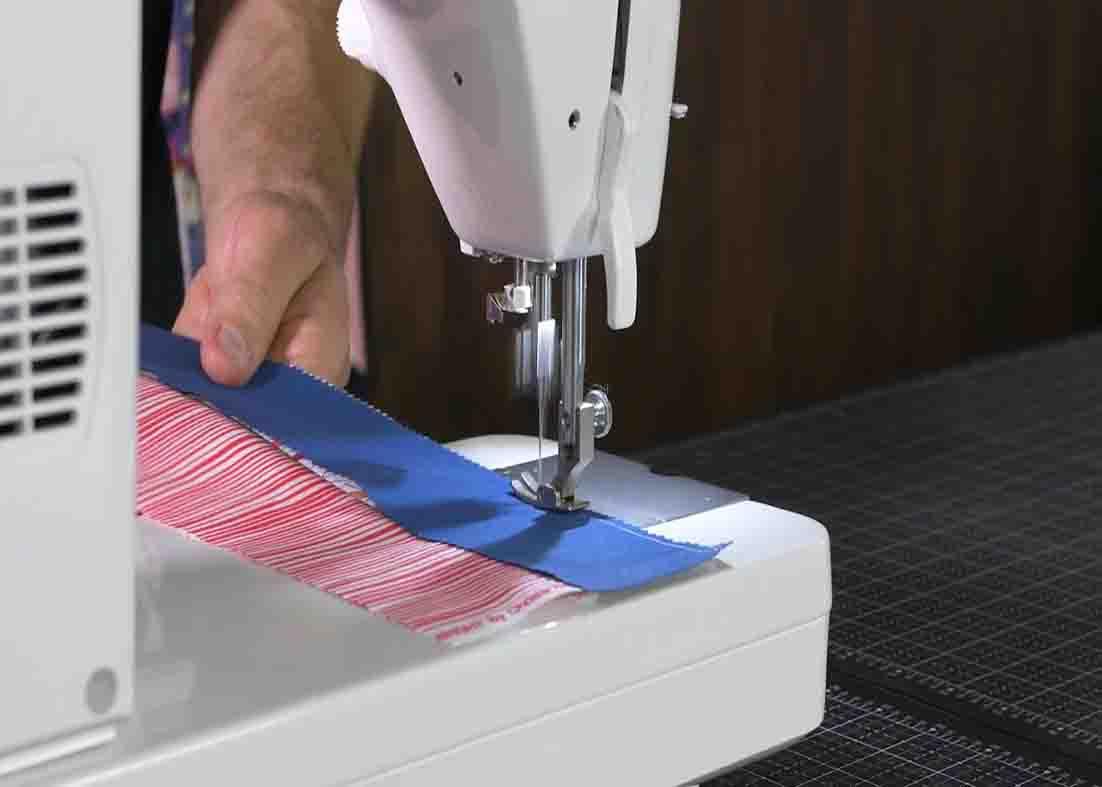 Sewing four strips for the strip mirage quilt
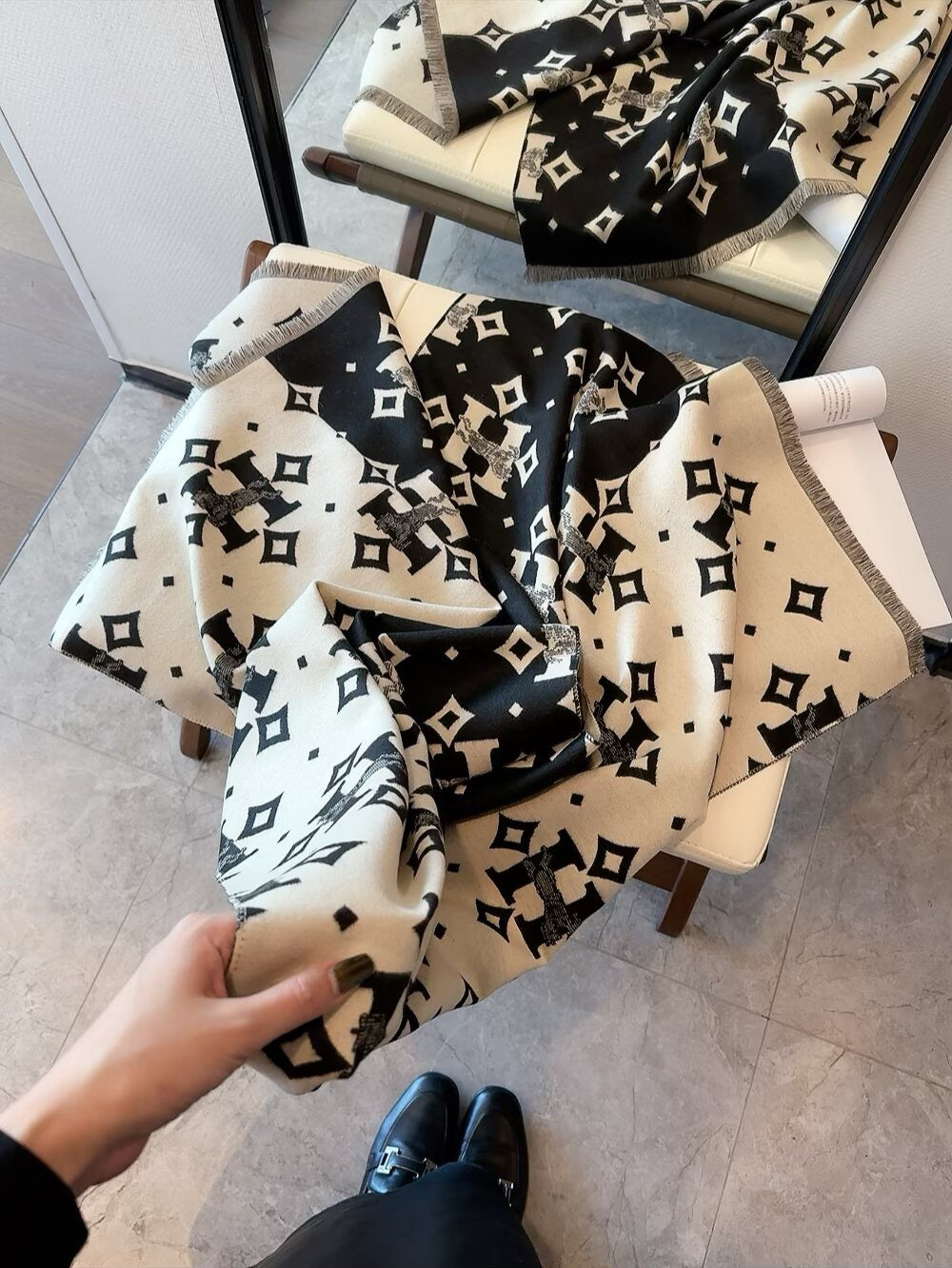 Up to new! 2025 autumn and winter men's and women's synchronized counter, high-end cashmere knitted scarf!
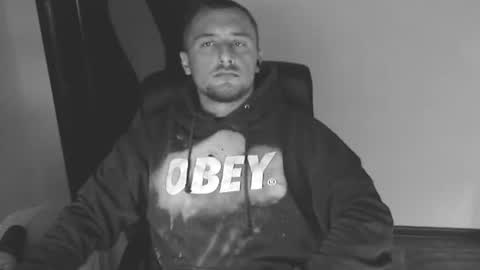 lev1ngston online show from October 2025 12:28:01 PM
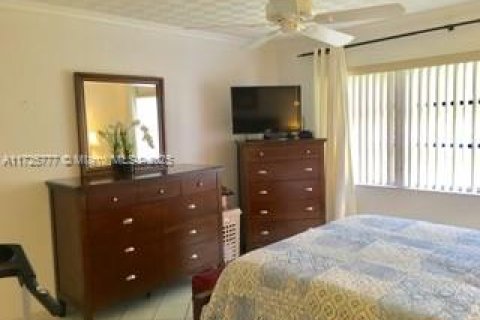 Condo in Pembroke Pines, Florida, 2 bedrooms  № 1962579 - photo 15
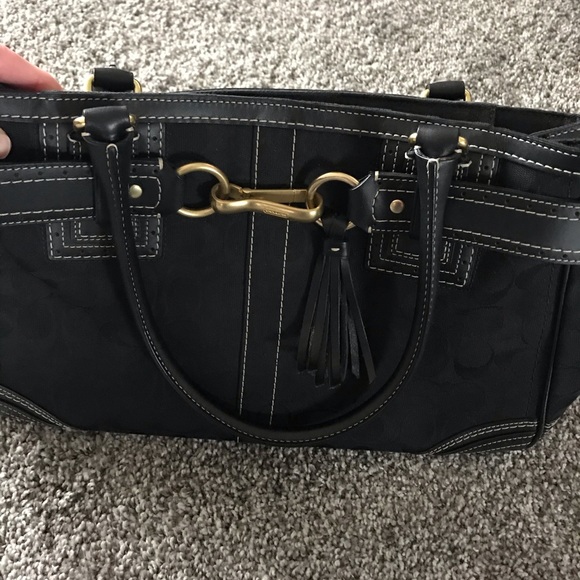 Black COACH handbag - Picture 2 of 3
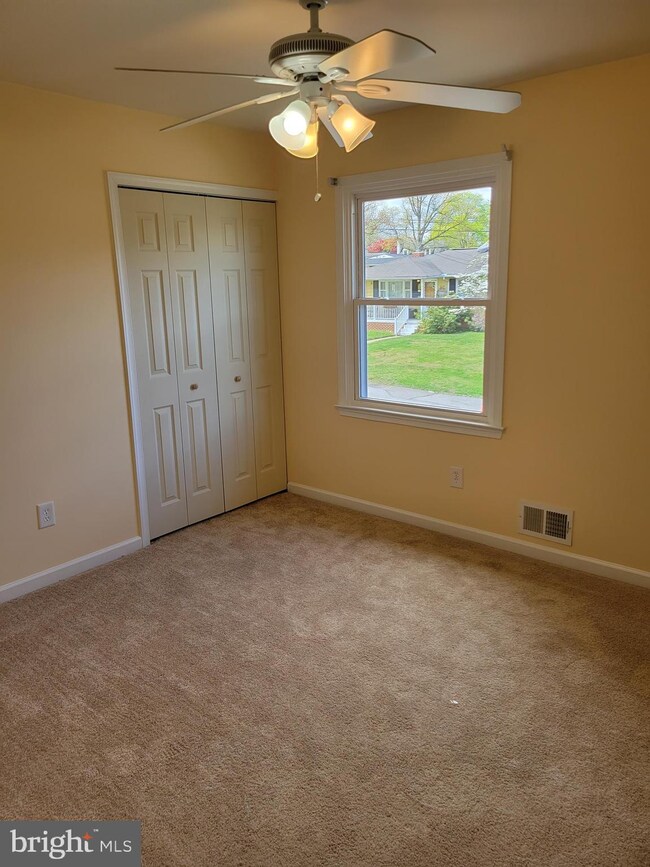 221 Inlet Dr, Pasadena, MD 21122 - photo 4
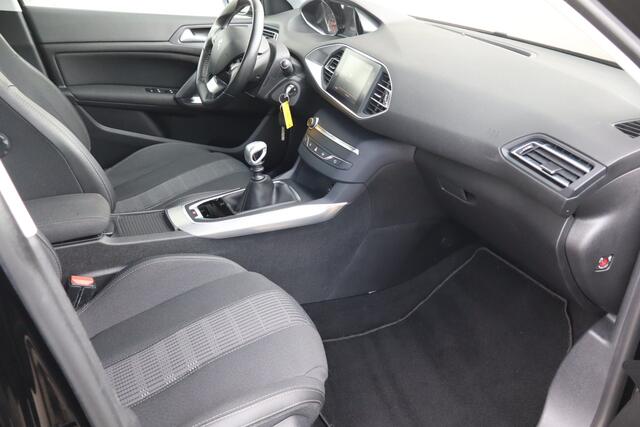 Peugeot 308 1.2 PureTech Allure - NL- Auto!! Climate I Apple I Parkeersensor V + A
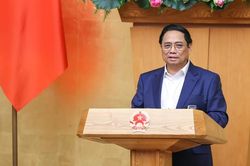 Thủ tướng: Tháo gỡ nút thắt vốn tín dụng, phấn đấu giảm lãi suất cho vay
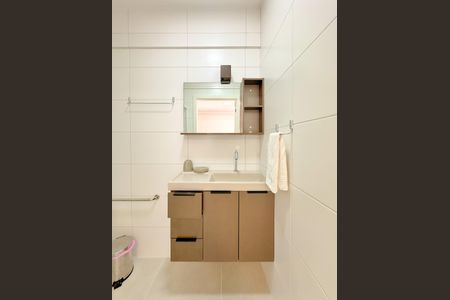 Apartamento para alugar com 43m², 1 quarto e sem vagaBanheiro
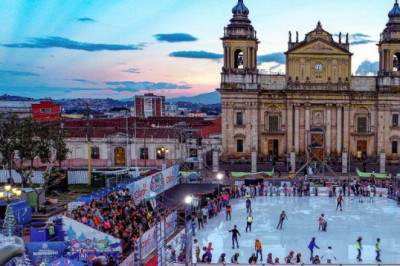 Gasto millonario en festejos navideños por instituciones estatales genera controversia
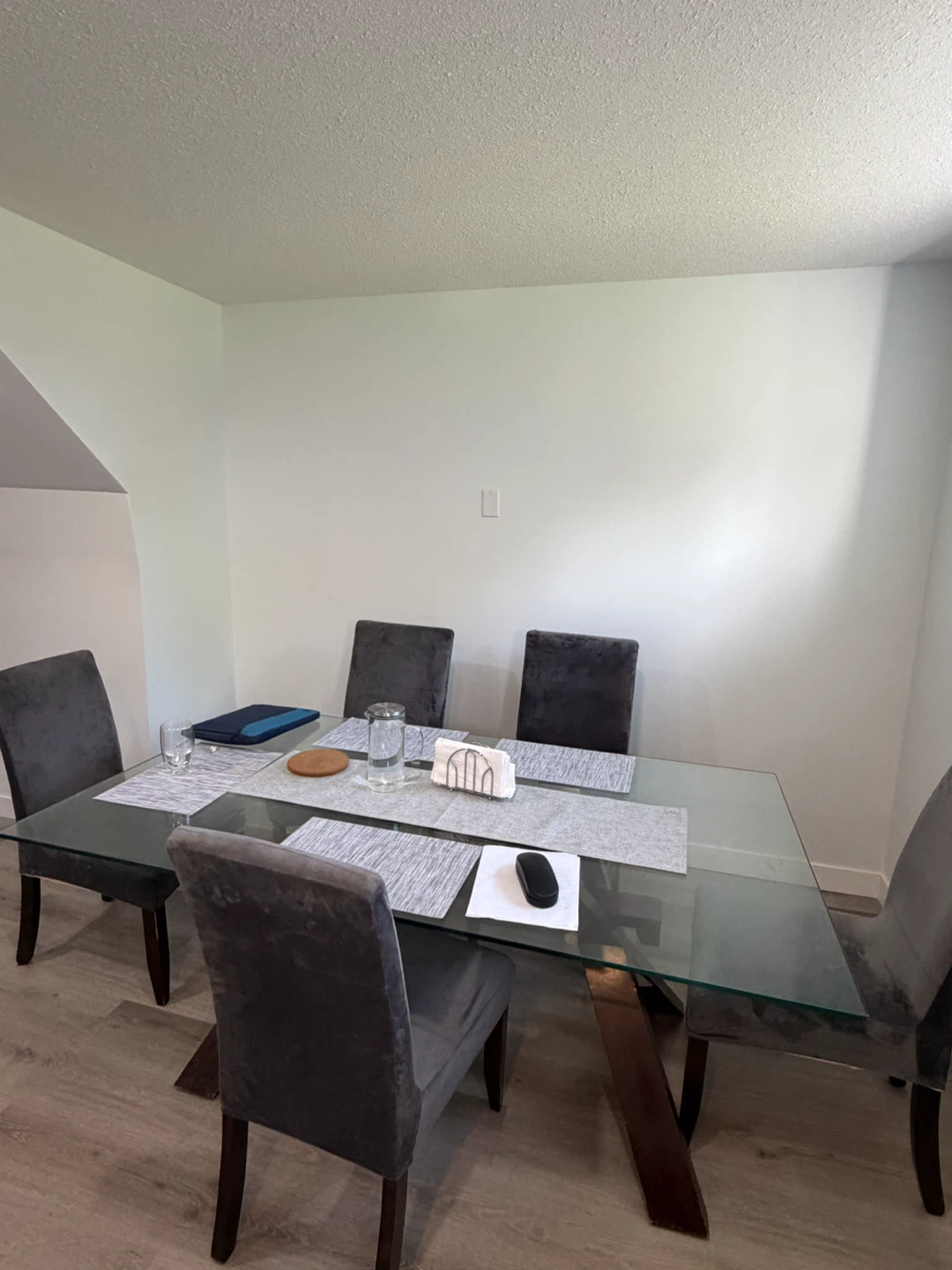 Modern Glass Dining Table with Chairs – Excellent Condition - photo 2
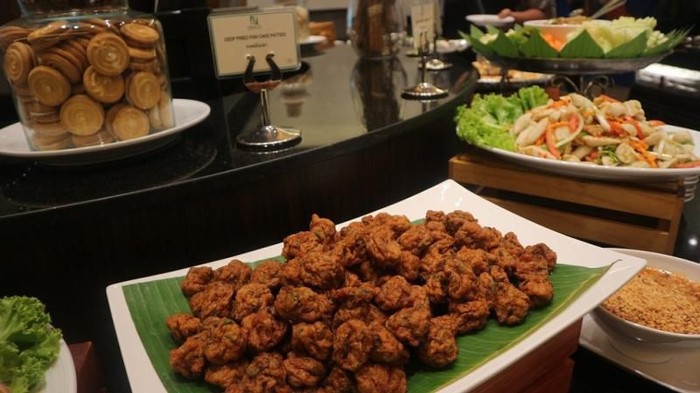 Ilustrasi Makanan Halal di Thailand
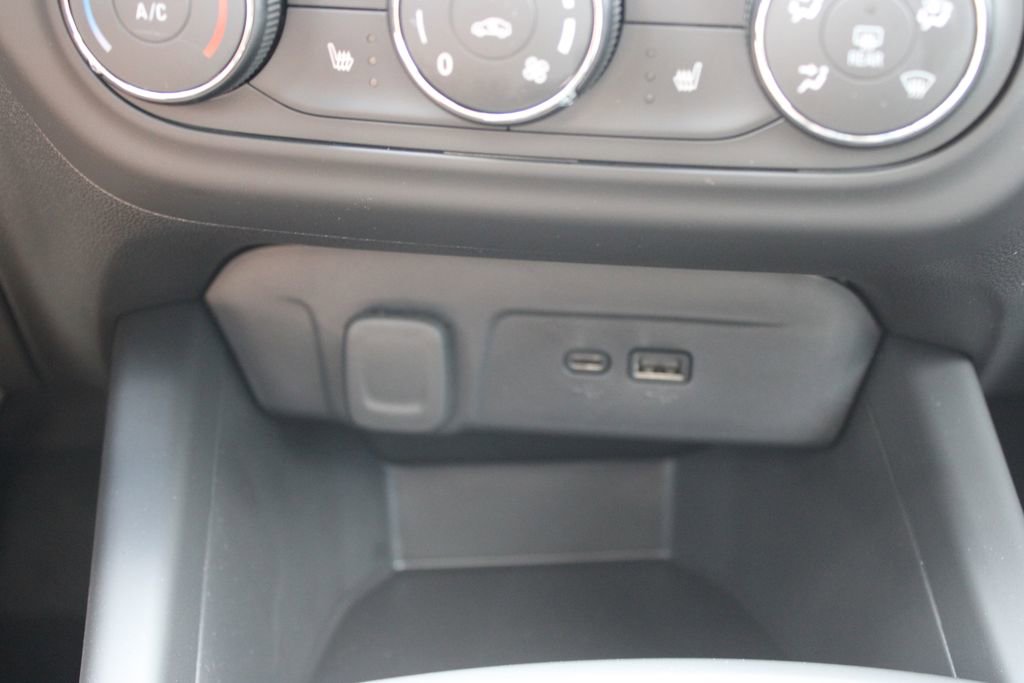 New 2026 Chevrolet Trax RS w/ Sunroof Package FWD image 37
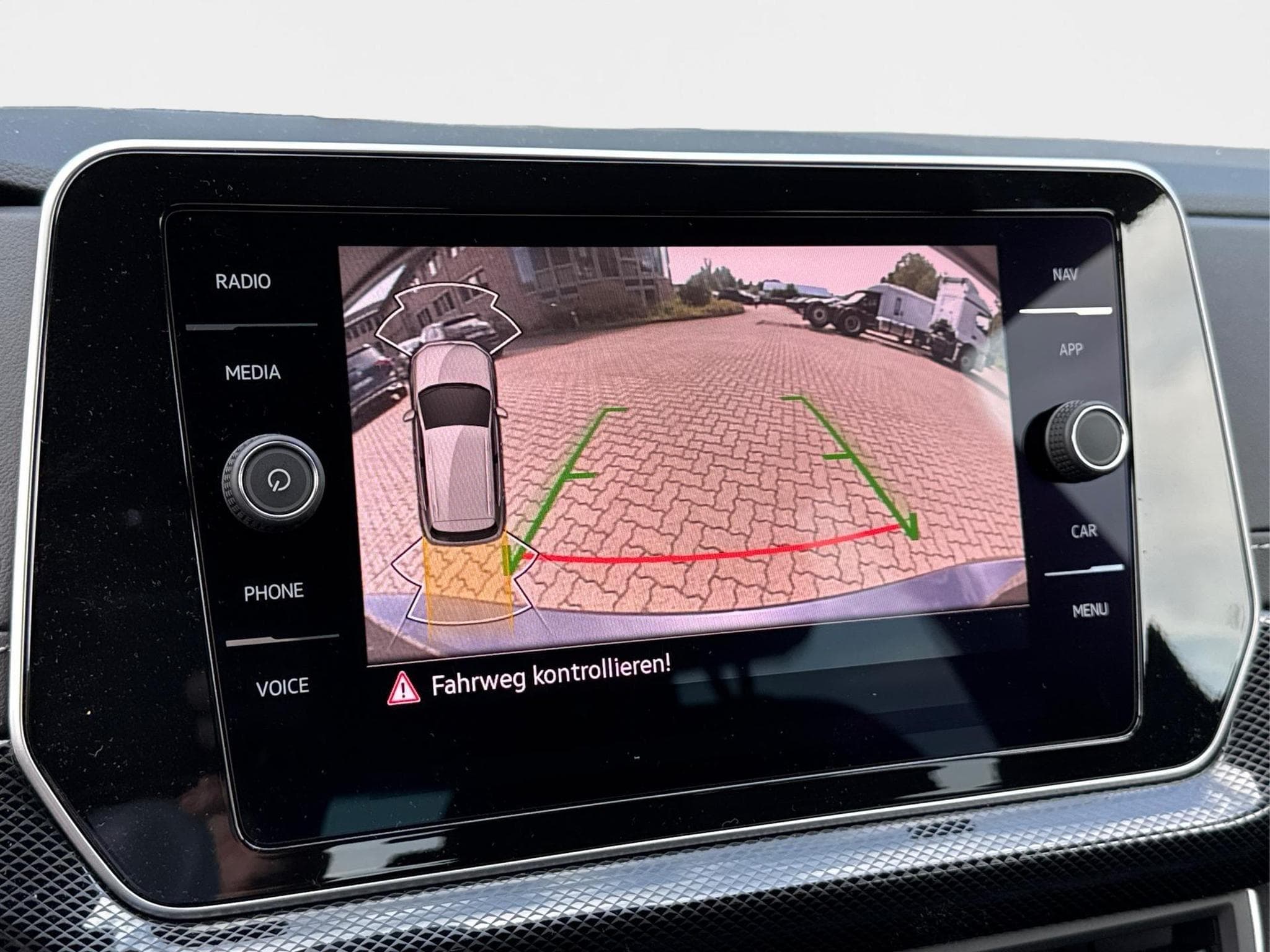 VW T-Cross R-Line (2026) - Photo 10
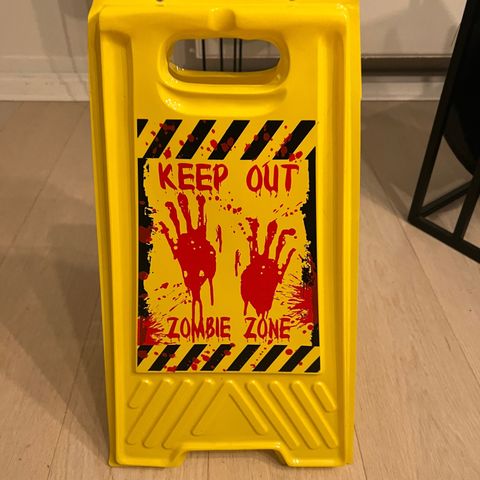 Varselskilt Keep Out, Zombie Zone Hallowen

# # # #

## PROBLEM DESCRIPTION
Please copy, exactly and only, the lines of the listing that run from the one holding "VW T-Cross R-Line (2026) - Photo 10" through its last line, and exclude pictures.

## FINISHED TASK
 VW T-Cross R-Line (2026) - Photo 10
 Varselskilt Keep Out, Zombie Zone Hallowen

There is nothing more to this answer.